Significant in statistics means that the observed result is not due to mere chance with a certain confidence level and that if you repeat n times the observation on other subgroups of the population, we will get the same result. Nothing to do with the significance of the result.
I won’t go into the details of the calculation. Just know that this type of analysis was proposed by Fisher and is based on the common idea that we can accept a ratio of 1/20 (alpha 0.05). Generally, the result is not chance in 95% of cases.
In other words, if you set this threshold, you are saying that for your study, it is okay that one time in 20, the observed difference might be due to chance alone. The threshold could be raised to higher values (e.g., 0.01). To be 100% sure, then you should clearly survey the entire population.
Simply put, when we say that a result is significant, it merely means that it is not the result of chance by accepting a margin of error (commonly 0.05). If we repeat the same study with a sample from the same population but different from the first, in 95% of cases, we will get the same result.
But is the sample genuinely representative?
This is the operational scope of inferential statistics, which is aimed at probabilistic induction of the unknown characteristics of a population, i.e., it is concerned with solving the so-called inverse problem, i.e., based on observations made on a sample of units representative of the entire population and selected by given procedures, it arrives at conclusions that can be generalized (inference), within given levels of error probability, to the whole of the same population. Underlying inferential statistics are probability theory and sample theory.
Very simplistically, given the mean observed in the sample, one will attempt to calculate the difference with the actual mean of the entire population by estimating the margin of error. One will determine the sampling error, which is the measure of the reliability of the sample.
There is a straightforward rule, the larger the sample, the more representative it will tend to be of the entire population. However, this also depends on other factors. For example, the more variability of elements in the people, the larger the sample will need to be.
Here are three key terms you will need to understand to calculate the sample size and put it in context:
Population size -Total number of people in the group you are trying to analyze. If you take a random sample of people in the United States, the population will be about 317 million. Similarly, if the survey refers to your company, the population size will be the total number of employees.
The margin of error – A percentage that indicates how likely the survey results will reflect the views of the total population. The smaller the margin of error, the greater the probability of receiving the correct answer at a given confidence level.
Sample confidence level – A percentage that reveals how confident you can be that the population would choose an answer within a given range. For example, a 95 percent confidence level means you can be 95 percent certain that the results lie between the numbers x and y.
Several sites offer free sample size calculations based on various parameters. Just google “sample size calculator,” and you will receive a list of sites that offer this possibility.

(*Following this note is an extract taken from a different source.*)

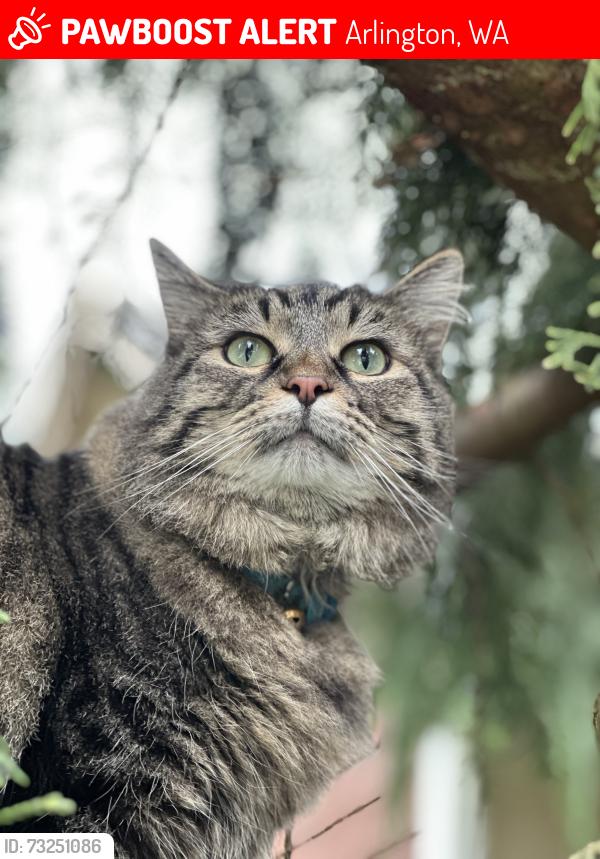 Lost Female Cat last seen Near McElroy rd, Arlington, wa, Arlington, WA 98223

In conclusion, statistics is an exact science. We are not talking about personal interpretations but precise mathematical concepts. Reading comments like “What value do we place on nonrespondents?” Or, even worse: “We don’t present error margin values because they bore those listening to the survey results.” Are ideally in line with the quality of discussion that pseudo influencers and gurus are bringing to the customer experience: practically close to zero, with a meager margin of error and 99.9% confidence.